If we expand upon this simple model of a source, two wires, and a load
and put it into the context of life as we know it; then the circuit
operates in the proximity of ground. By convention, ground is called
Common.

Ground, by convention is an infinite sink of charge of infinite
extent. Hence as a conductor, it is available everywhere - Common.
This ground may have either deliberate or accidental conductive
relationships to the Differential Circuit.

First - the linkage of ground to the differential circuit can be
through an Ohmic path, or by an inductive path, or by a capacitive
path. To support conduction, the circuit must contain two conductive
paths to ground through any combination of these linkages, and that
path must be complete. The apparent source driving conduction through
that path will be a combination of the differential source and the
differential load as each will have some relationship to ground.

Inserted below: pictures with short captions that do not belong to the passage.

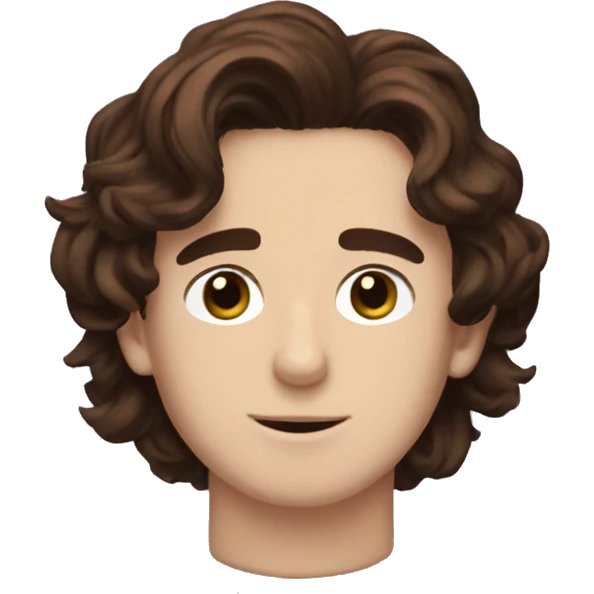 timothee chalamet with brown hair  emoji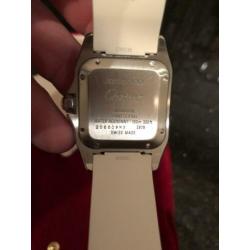 Cartier santos 100 staal wit rubber orgineel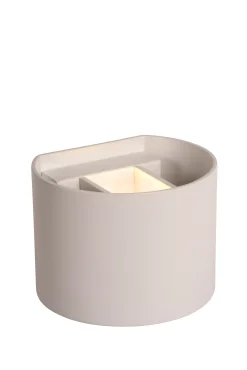 AXI - Wandspot / Wandlamp Badkamer - LED - 2x3,5W 2700K - IP54 - Verstelbare stralingshoek - Wit*Lucide Outlet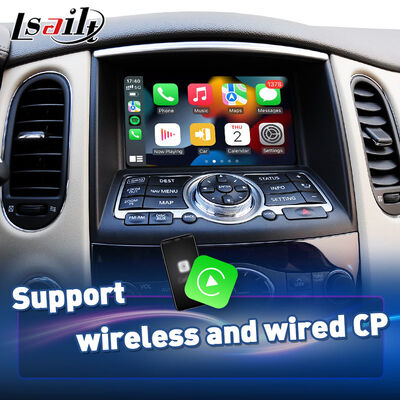 Lsailt – écran Carplay sans fil Android Auto, pour Infiniti EX25 EX35 EX37 EX30d EX QX50 2007 – 2017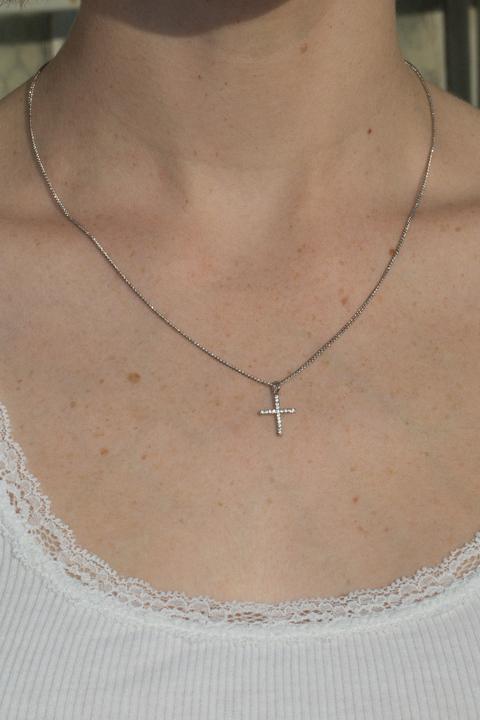 Copper Cross Charm Necklace | Brandy Melville Womens Jewelry - The Wooden  Nest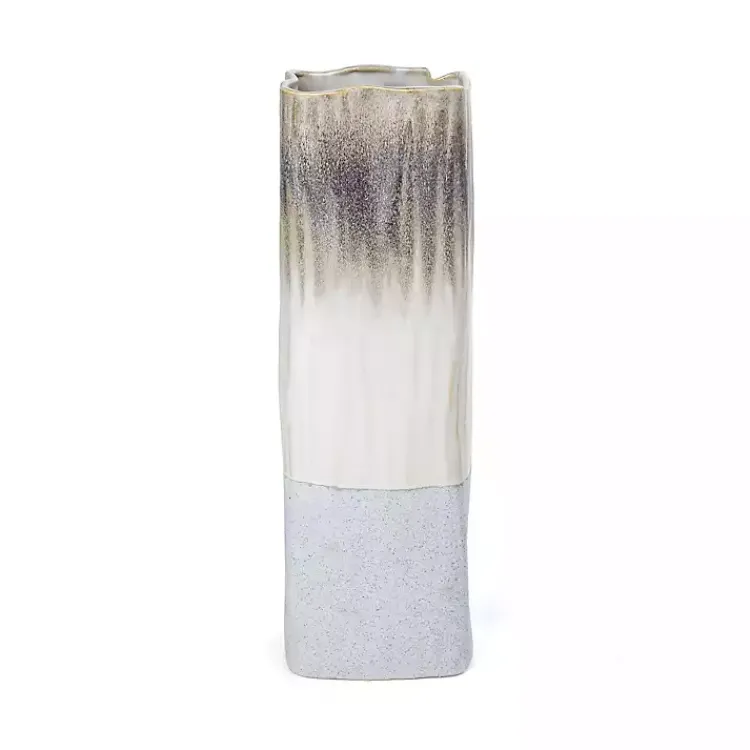 Clearance Neutral Ombre Ceramic Vase, 16 in. Vases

Second - those two conductive paths, if viewed at a remote point
where they are joined, have equal and opposite paths of current
conduction - to and from that point. This is from Kirchoff's law of
currents.

Third - this is called Common Mode current.

Fourth - as the differential circuit is original and establishes both
the source and the load; then through the introduction of ground, this
Common Mode current is mixed with the original Differential Current
and analysis must be performed by substitutions to separate them.

Fifth - the apparent source presents the Common Mode voltage.

This completes the discussion of Common Mode.

The applications of a choke to either circuit is commonplace to
control each mode's current. It would appear through the context of
discussion in other threads that there is some confusion in what is
being choked, and how a choke is properly applied is confounded by
that confusion.

It follows that if the transmission line from the source to load
suffers from Common Mode currents, that this must be due to a Common
Mode voltage gradient extending from the source to the load. If
either lead of that transmission line pair were choked, this would
disrupt the Differential Mode. If both leads of the transmission line
pair were independently choked, this would only double the disruption.
However, if both leads were choked in parallel (both lines either
coiled as a pair rather than individually, or both lines penetrate a
lossy core) then their fields would be contained between them in the
Differential Mode, but their Common Mode path (they both share equal
conduction in the same direction due to the Common Mode voltage
gradient) will be snubbed.

Some BalUns employ these techniques - some don't. BalUns fail by the
degree that they don't when Common Mode, as a problem, is injected
into the circuit through imbalances. As balance in the proximity of
earth and many confounding nearby structures is a forgone failure,
choking is a practical necessity for correct BalUn performance. Any
issues of BalUn heatings are proof of this choking necessity, and
further proof of the demand for additional choking at that point (and
frequently elsewhere at wavelength relationships along the affected
line).

73's
Richard Clark, KB7QHC

On Sep 2, 10:43*pm, John Smith wrote:
wrote:
...
I disagree. There is no choking, there is merely a polarity and phase
shift between the "primary" and "secondary" of the 1:1 balun
"transformer".

The best way I can easily express this is to consider a 1:1 240V 60 Hz
isolation transformer (yes, the balun acts theoretically in the same
manner). ...

No. *But you have focused on your error in thinking/logic/function. *An
RF Transformers does what you state, lengths of transmission line
carrying RF behave in a different "mode." (uh, I hate that word ...)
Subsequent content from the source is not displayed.